> What to work on: Begin at the line containing "Property photo of" and restate it and each line after it exactly, up to and including the last line below. Leave pictures out.

Collected data entries:
══════════════════════════════

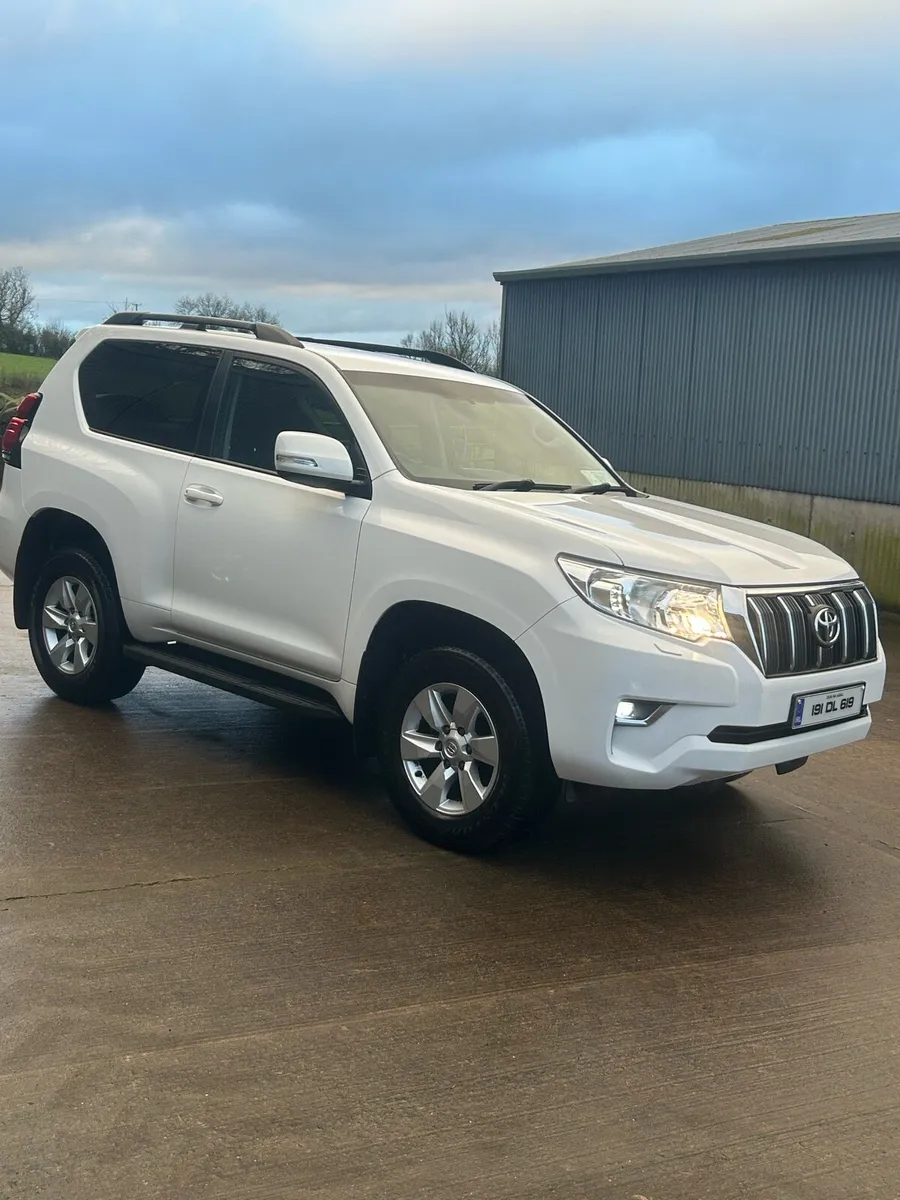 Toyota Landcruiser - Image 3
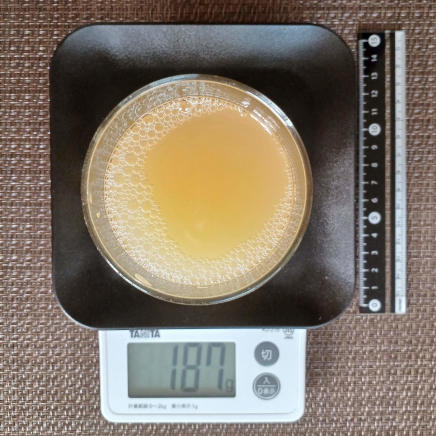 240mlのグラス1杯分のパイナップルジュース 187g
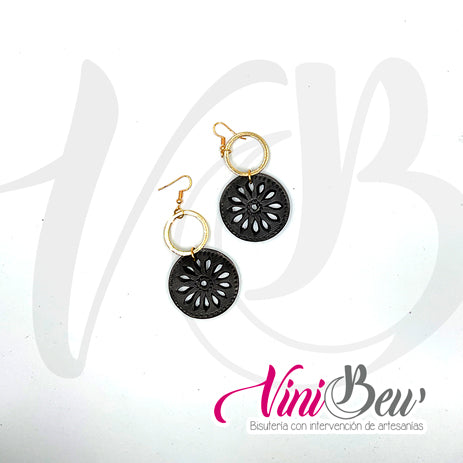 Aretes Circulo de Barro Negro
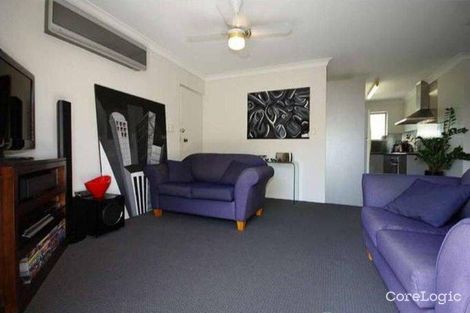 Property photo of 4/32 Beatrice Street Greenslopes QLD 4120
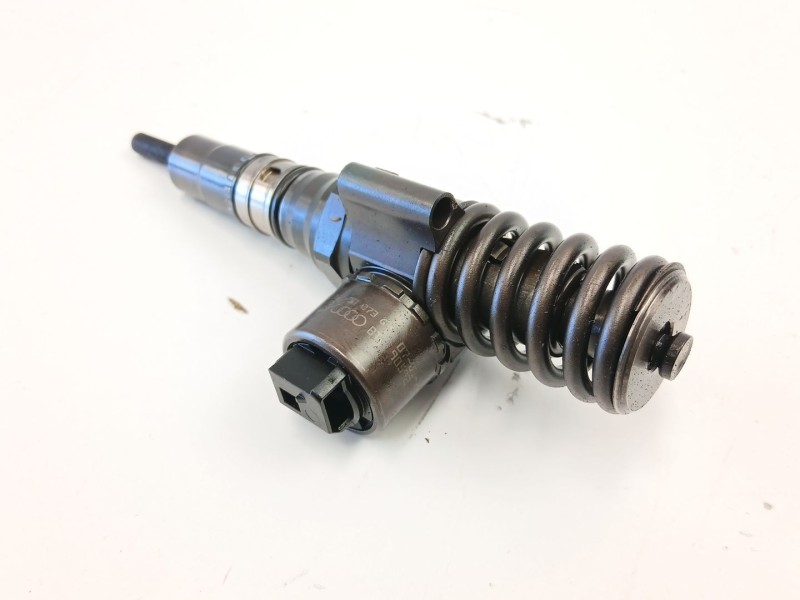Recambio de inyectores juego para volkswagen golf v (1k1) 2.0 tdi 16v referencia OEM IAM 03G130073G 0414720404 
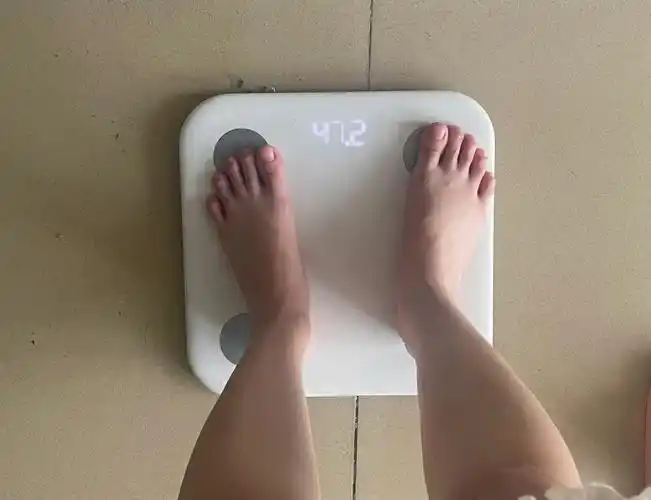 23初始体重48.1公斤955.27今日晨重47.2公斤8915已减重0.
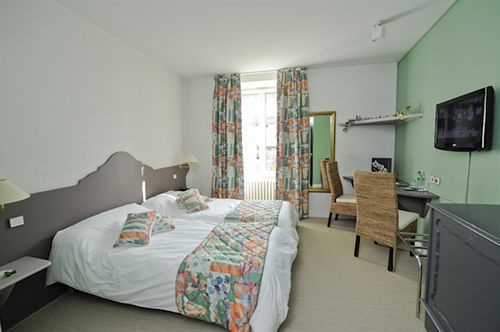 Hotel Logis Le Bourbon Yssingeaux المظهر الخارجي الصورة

══════════════════════════════

> Answer below:
 Property photo of 4/32 Beatrice Street Greenslopes QLD 4120
Recambio de inyectores juego para volkswagen golf v (1k1) 2.0 tdi 16v referencia OEM IAM 03G130073G 0414720404 
 23初始体重48.1公斤955.27今日晨重47.2公斤8915已减重0.
 Hotel Logis Le Bourbon Yssingeaux المظهر الخارجي الصورة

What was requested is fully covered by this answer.